Review: Alan Partridge – Alpha Papa
Directed by: Declan Lowney
Starring: Steve Coogan, Colm Meaney, Sean Pertwee.
Rating: Running Time: 90 mins.
Alan Partridge (Steve Coogan) works along with fellow DJ Pat Farrell (Colm Meaney) at radio station North Norfolk Digital, a small local radio station. When the station is taken over by a corporation and re-branded into a new station named ‘Shape’, a decision is made regarding the image of the new station, and ageing DJ Pat, who is considered an outsider to most of the staff and whose audience is considered to be too old, is fired from the station as part of the shake up. That evening, at the launch party for Shape, a disgruntled Pat turns up with a shotgun and takes almost everyone present hostage with Alan being the exception.
Managing to escape the scene, Alan goes to the police only to be asked to go back into the situation as Pat, considering him his only friend at the station, demands Alan be the go-between for the hostage negotiations. Agreeing to do so, Alan enters into the station, realising that this could also be an opportunity for him to raise his own fledging PR, but once inside is forced to try and keep Pat calm, whilst also having to partake in a live radio broadcast as Pat’s co-host.

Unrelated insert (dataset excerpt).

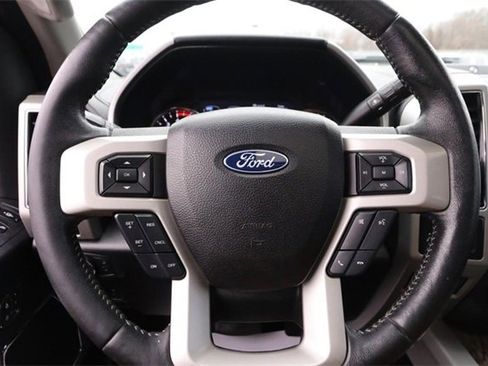 Used 2019 Ford F350 Lariat w/ Lariat Ultimate Package image 10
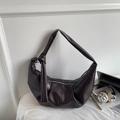 Vista dettagliata della grande borsa hobo in pelle testa di moro con pieghe e tracolla annodata - Marrone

I have to admit I’m not a fan of the Alan Partridge character, and if ever ran across it on television I would immediately change the channel. It’s a big surprise to me to admit that even though the character does annoy me, I immensely enjoyed this movie. Instead of depending on the character to provide the quips and fill the 90 minutes running time, this takes the character – quips and all – and places him in a situation out of his depth.
There’s politically incorrect comments, there’s some slight satirical comment on corporate take overs, there’s the lines of dialogue that go on long without someone there to say ‘please, stop’ but that are genuinely funny. It won’t win any awards for being creative, being especially well filmed, or being especially well written, but it’s good, largely clean, fun, and stays away from the current trend of delving into gross-out comedy, but it still manages to be consistently funny from start to finish.
I have heard comments from some that it may not be as funny as some of the television episodes, possibly from being restrained slightly, but the audience were laughing throughout, and at no point does the pace begin to lag or did the laughs stop coming. It’s not the best comedy to have come out in recent years, but it’s a solid 90 minutes of successful laughs that more than entertains.